Noch hatte ich die Kinder nicht über unsere Flucht informiert. Zum einen war die Gefahr zu groß, dass sie sich verplappert hätten. Zum anderen wusste ich auch nicht wie ich ihnen vermitteln sollte, dass wir unsere Heimat, möglicherweise für immer verlassen mussten. Sky lief mir zuerst in die Arme. Ich wischte mir hastig die Tränen aus dem Gesicht und hoffte, dass mein Sohn das feuchte Glänzen bei dem fahlen Kerzenschein nicht entdecken würde. "Geh in dein Zimmer und pack deine zwei Lieblingsspielsachen in deinen Rucksack, Schatz", wies ich ihn sanft an. "Und dann komm wieder ins Wohnzimmer."


"Was ist los, Mama?" Klaudia hatte mein Gespräch aus der Küche heraus belauscht. An ihrem Tonfall erkannte, dass sie bereits etwas ahnte. Die Schüsse draußen waren inzwischen so laut, dass wir sie selbst im Haus hören konnten. "Gewehre?", fragte Klaudia ängstlich und ich nickte. "Du hast gerade gehört, was ich zu deinem Bruder gesagt habe", setzte ich mit zitternder Stimme an. "Packe zwei, drei Sachen ein, die du unbedingt mitnehmen möchtest. Ich habe schon alle Dokumente, also nimm mit, was du möchtest. Wir werden gleich abgeholt."

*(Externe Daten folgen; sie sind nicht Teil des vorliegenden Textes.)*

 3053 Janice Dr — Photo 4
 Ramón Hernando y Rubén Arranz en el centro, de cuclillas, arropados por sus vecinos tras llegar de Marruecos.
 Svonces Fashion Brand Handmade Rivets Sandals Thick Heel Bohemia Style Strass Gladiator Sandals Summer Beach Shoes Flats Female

"Dein Tante Joanna hat einen Transport nach SimCity organisiert, für Sky, dich, mich und Tante Desdemona. Der Wagen wird gleich hier sein." Mein stimme begann sich zu überschlagen und die Tränen nahmen mir die Sicht. "Ich habe keine Ahnung, wann...und ob wir jemals zurückkommen werden". Klaudia biss sich auf die Lippen. Auch sie kämpfte mit den Tränen. Ich hatte die Sorge, dass sie widersprechen, sich mir widersetzen würde. Kinga hätte dies mit Sicherheit getan. Aber Klaudia erkannte den Ernst der Lage, hatte ihn vor wenigen Tagen am eigenen Leib zu spüren bekommen. Sie nickte stumm und eilte in ihr Zimmer.

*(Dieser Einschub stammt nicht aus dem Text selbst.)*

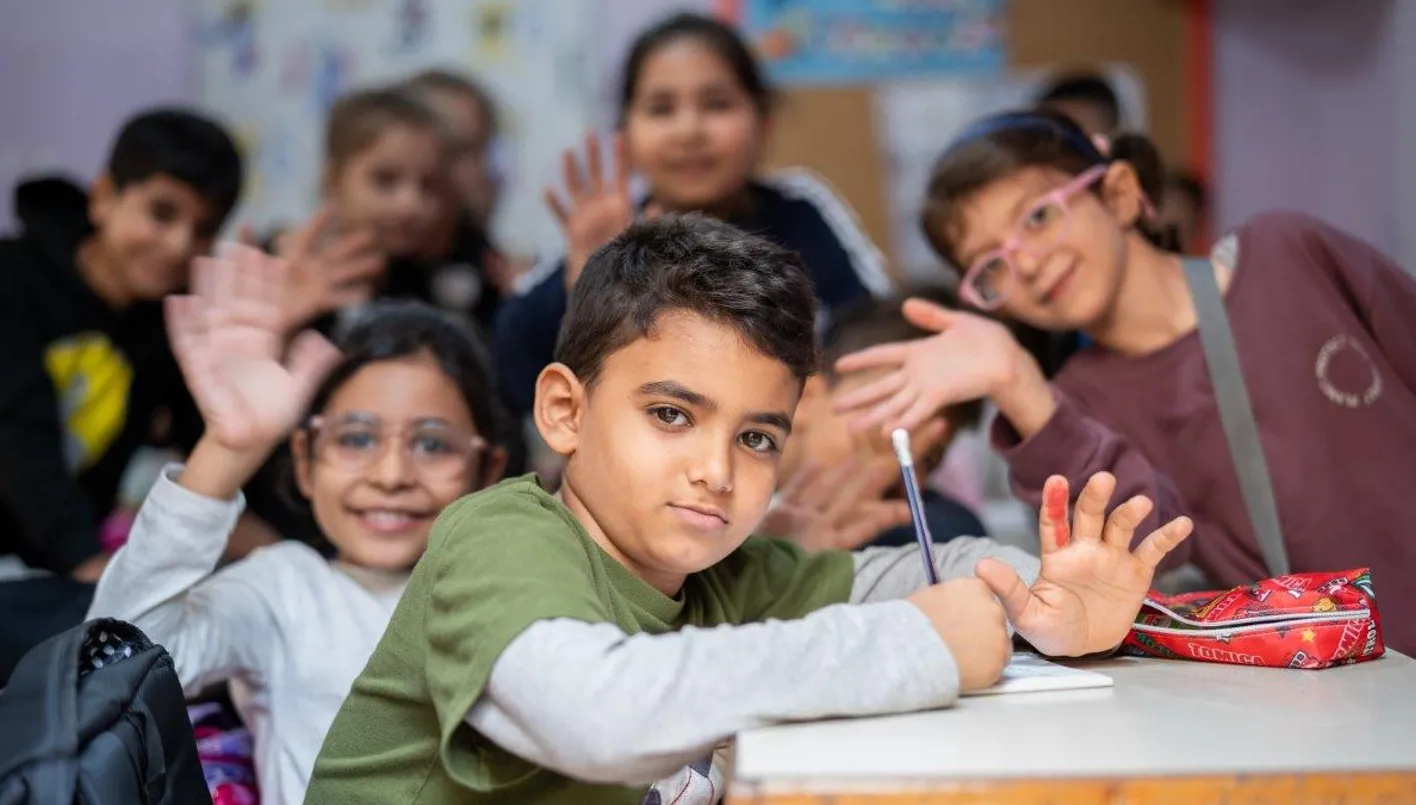 تطوير مناهج التعليم في المدارس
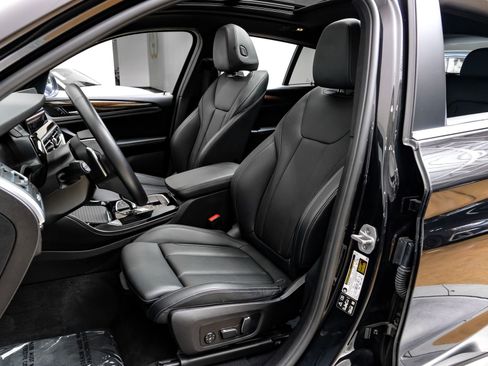 Used 2024 BMW X4 xDrive30i w/ Parking Assistance Package image 34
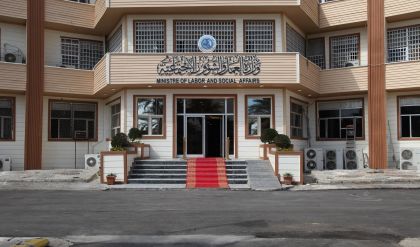 العمل: شمول أكثر من 2 مليون طفل بالمنحة الطلابية لمواجهة التسرب والتسول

Klaudia war kaum in ihrem Zimmer verschwunden, als auch schon ein schwarzer Van vor dem Haus hielt. Durch die Scheibe hindurch erkannte ich Desdemona, die auf dem Beifahrersitz saß. Ich rief die Kinder und schickte sie hinaus zum Wagen, während ich mich noch ein letztes Mal im Haus umsah.


"Du verschwindest also." Kasimir hatte sich von hinten an mich heran geschlichen und ich erschrak heftig. Gleichzeitig hatte ich ein furchtbar schlechtes Gewissen, weil ich ihm nichts von meinem Weggang erzählt hatte. Daher nickte ich nur, ohne ihm direkt in die Augen zu schauen. "Vielen Dank für alles, was du für mich getan hast Kasimir. Aber ich muss an meine Kinder denken. Es ist zu gefährlich, wenn wir hier bleiben." Das verstand auch Kasimir. Entschuldigend strich ich über seinen Oberarm und stieg dann zu meinen Kindern in das Auto.


Als der Wagen losfuhr, warf ich einen letzten Blick auf Grünspan. In diesem kleinen grünen Haus hatte ich viel Leid, aber auch so viel Freude erlebt. Meine Kinder waren hier aufgewachsen, ich hatte Dominik hier geheiratet. Ich war immer davon ausgegangen, in diesem Haus meinen Lebensabend zu verbringen. Der Gedanke, es jemals verlassen zu müssen, war mir nie gekommen.